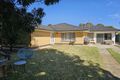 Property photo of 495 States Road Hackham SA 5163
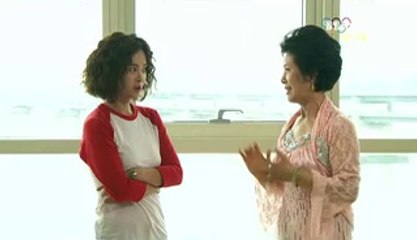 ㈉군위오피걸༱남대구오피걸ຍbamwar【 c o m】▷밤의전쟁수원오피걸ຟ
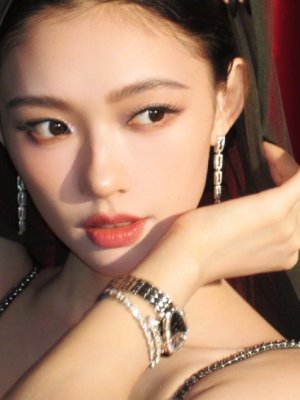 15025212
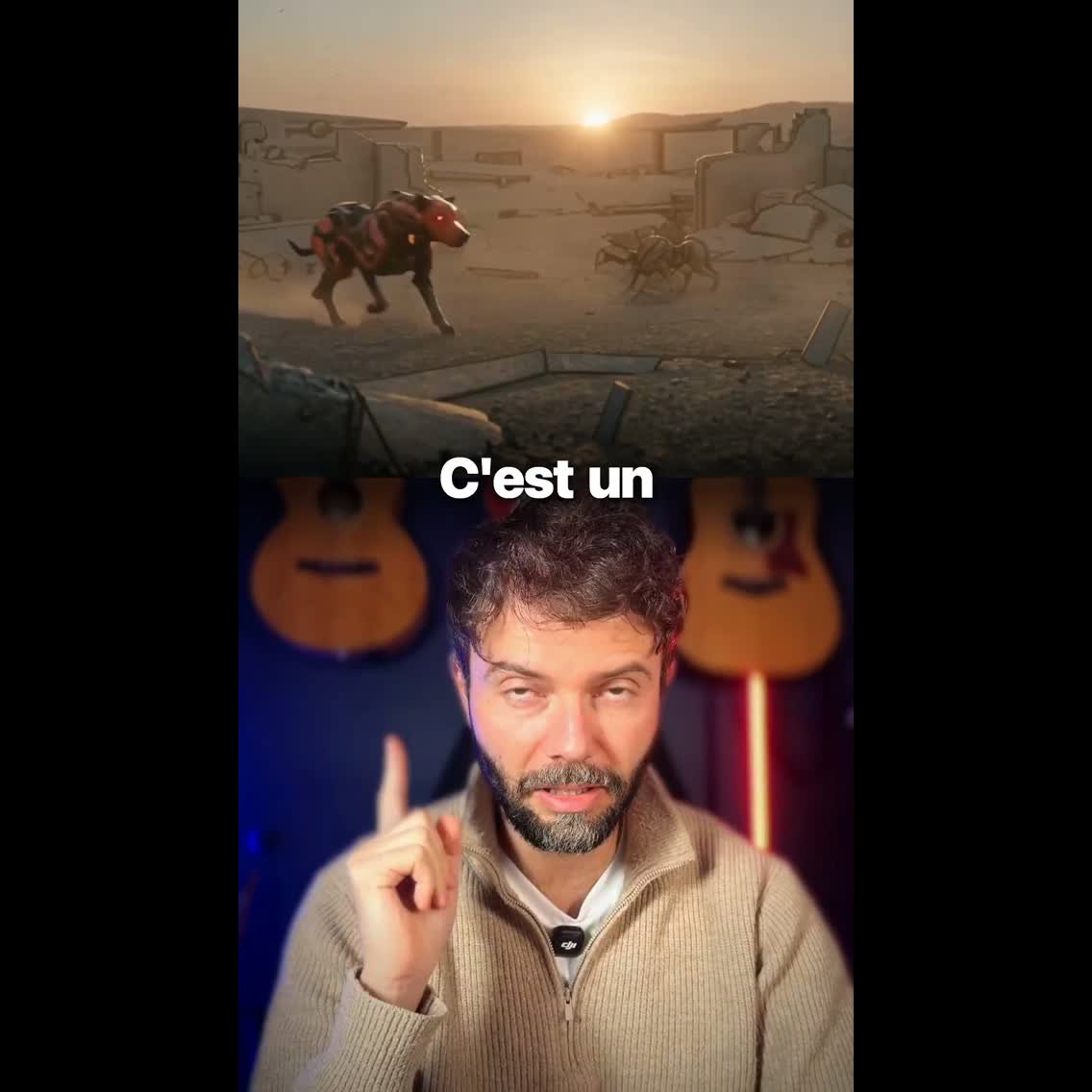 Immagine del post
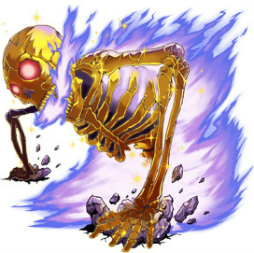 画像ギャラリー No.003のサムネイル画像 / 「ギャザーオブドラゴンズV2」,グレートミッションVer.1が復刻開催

• [Task brief]:
First drop every picture, then print the data above exactly as it stands.

• [Answer box]:
 Property photo of 495 States Road Hackham SA 5163
 ㈉군위오피걸༱남대구오피걸ຍbamwar【 c o m】▷밤의전쟁수원오피걸ຟ
 15025212
 Immagine del post
 画像ギャラリー No.003のサムネイル画像 / 「ギャザーオブドラゴンズV2」,グレートミッションVer.1が復刻開催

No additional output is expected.